MISO board approves estimated $2.7 billion in wires projects RSS Feed

MISO board approves estimated $2.7 billion in wires projects

The Midcontinent Independent System Operator Board of Directors on Thursday approved the system’s latest transmission expansion plan with 383 new projects spread across the grid operator’s sprawling footprint, estimated to cost almost $2.7 billion.

As part of the System Planning Committee report to the board, committee Chairman Mike Evans presented the MISO Transmission Expansion Plan 16, which includes projects needed to be in place by 2024 for reliability, generation interconnection, transmission delivery, market efficiency and local issues.

In particular, 106 projects estimated to cost about $691.2 million are needed for baseline reliability, 32 projects estimated to cost about $142.7 million are for generation interconnection, one project estimated to cost about $108 million is for market efficiency, one transmission delivery service project estimated to cost about $350,000 and 243 projects estimated to cost about $1.8 billion are needed for local issues.

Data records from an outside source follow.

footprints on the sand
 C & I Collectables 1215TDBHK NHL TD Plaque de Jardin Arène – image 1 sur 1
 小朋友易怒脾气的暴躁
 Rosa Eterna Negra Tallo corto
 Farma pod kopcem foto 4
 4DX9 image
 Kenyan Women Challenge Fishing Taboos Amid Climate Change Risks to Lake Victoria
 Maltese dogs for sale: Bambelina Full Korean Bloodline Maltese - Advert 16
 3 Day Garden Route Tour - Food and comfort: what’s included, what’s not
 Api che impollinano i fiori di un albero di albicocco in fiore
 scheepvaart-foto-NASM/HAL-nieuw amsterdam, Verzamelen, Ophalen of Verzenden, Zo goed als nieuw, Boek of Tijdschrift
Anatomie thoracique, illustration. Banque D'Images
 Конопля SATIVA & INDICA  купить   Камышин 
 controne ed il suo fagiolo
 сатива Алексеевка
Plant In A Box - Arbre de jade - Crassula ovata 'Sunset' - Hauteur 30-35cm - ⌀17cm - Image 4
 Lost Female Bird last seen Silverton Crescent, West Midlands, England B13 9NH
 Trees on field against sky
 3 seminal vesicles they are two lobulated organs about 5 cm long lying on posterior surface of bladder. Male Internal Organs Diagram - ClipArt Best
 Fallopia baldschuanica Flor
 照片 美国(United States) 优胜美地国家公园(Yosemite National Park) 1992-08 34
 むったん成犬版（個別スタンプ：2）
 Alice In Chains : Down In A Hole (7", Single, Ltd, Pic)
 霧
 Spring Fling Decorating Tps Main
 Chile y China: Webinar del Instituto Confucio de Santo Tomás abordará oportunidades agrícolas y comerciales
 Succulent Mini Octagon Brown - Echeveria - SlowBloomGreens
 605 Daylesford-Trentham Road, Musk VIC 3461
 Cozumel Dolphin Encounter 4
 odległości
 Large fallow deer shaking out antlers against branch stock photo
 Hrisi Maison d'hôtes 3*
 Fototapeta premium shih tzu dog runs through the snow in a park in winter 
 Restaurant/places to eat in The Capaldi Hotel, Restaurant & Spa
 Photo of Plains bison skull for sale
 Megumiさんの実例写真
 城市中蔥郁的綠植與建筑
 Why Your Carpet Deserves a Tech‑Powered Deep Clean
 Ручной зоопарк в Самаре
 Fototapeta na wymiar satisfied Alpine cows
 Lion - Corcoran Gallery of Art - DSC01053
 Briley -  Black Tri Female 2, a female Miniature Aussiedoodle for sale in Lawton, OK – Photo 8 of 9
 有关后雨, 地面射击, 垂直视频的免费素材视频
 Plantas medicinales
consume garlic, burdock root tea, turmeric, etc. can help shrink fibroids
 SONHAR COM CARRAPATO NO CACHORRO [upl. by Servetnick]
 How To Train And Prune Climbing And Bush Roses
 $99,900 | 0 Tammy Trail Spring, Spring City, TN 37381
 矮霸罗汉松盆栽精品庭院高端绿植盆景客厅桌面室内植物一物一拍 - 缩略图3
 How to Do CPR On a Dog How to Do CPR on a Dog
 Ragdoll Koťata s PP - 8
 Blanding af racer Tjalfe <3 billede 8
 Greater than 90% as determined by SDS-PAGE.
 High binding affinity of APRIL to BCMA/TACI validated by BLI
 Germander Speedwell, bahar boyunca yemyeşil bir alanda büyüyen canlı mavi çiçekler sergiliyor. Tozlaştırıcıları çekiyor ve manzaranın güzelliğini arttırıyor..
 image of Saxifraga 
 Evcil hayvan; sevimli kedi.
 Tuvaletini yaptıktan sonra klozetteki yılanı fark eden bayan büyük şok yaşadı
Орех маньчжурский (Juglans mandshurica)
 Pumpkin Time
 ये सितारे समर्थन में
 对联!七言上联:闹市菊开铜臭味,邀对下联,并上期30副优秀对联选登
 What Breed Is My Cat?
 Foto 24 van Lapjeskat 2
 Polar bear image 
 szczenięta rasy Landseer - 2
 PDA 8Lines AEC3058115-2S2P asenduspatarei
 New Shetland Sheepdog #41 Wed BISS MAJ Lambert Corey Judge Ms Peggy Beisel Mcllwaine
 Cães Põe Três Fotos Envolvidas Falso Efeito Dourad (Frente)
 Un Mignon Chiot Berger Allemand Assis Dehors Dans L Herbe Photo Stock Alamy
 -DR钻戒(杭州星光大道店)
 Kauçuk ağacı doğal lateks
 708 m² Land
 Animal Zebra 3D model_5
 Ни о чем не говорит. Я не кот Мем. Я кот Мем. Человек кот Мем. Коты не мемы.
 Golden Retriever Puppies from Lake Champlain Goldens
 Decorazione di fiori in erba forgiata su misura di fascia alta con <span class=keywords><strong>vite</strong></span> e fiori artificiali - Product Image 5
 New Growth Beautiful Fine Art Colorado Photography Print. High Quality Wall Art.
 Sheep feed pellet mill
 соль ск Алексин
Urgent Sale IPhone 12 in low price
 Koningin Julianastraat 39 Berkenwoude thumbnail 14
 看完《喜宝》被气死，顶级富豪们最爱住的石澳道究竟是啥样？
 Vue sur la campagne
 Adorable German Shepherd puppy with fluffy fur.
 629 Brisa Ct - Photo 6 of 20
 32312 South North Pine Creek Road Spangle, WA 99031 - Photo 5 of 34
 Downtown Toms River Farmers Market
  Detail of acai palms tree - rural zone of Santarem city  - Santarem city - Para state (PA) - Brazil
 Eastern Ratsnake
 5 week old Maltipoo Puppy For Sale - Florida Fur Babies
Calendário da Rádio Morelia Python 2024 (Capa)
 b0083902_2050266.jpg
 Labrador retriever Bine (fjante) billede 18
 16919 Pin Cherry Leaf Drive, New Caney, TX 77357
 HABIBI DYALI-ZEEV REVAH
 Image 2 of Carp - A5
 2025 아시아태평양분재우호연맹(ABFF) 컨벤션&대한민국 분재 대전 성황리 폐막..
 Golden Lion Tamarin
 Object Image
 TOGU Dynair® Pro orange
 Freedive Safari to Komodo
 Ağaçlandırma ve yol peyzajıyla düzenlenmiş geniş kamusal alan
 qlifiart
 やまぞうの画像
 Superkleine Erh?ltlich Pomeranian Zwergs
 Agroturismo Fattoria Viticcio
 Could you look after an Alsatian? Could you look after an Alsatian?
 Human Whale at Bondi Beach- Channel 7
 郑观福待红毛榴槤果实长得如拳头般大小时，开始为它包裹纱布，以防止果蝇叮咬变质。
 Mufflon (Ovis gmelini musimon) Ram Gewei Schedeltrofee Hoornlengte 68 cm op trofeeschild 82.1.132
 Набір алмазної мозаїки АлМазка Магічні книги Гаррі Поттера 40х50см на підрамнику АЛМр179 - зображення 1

Of the 10 most costly MTEP16 projects, four are in Louisiana, two are in Iowa, two are in Wisconsin, and one each is in Minnesota and Texas.

The overall total estimated cost is split among MISO’s four planning regions as follows:

–East, including the northern half of Indiana and most of Michigan — $564 million;

–Central, including most of Illinois, the southern half of Indiana and parts of Kentucky and Missouri — $159.5 million;

–South, including most of Arkansas, Louisiana and Mississippi, plus parts of East Texas — $939.1 million; and

–West, including Iowa, Minnesota, Michigan’s Upper Peninsula, part of eastern Montana, North Dakota, northeastern South Dakota and Wisconsin — $1 billion.

Evans, who is one of three directors retiring from the board Thursday, said MTEP16 is “a snapshot in time, and the planning effort is always evolving” in response to the changing generation fleet and increasing “uncertainty around policy goals” after the 2016 presidential election.

On Thursday, President-elect Donald Trump nominated Oklahoma Attorney General Scott Pruitt, a staunch critic of the US Environmental Protection Agency, to head that agency which promulgated the Clean Power Plan, a plan to cut carbon dioxide emissions by existing electricity generators by 32% by 2030. Pruitt is among those who spearheaded an effort to challenge the legality of the Clean Power Plan, the implementation of which is now suspended pending the outcome of that litigation.

Regarding Trump’s election, Evans said MISO “staff is looking at possible impacts on carbon regulation and what those impacts would mean to MISO members.”

It appears that “the direction of change is much the same, but the degree and pace of change varies from scenario to scenario,” Evans said.

RESERVE MARGIN CONCERN

In a related matter, Jennifer Curran, MISO vice president for system planning and seams coordination, said in a written report that the ISO “forecasts the reserve margin will drop below the Planning Reserve Margin Requirement of 15.2 percent beginning 2018 absent additional actions by load serving entities and state commissions.”

The board also approved for 2017 a $238.6 million operating budget and a $29.9 million capital budget. The 2016 operating budget was $226.7 million and the projected capital expenses for 2016 totaled $31 million.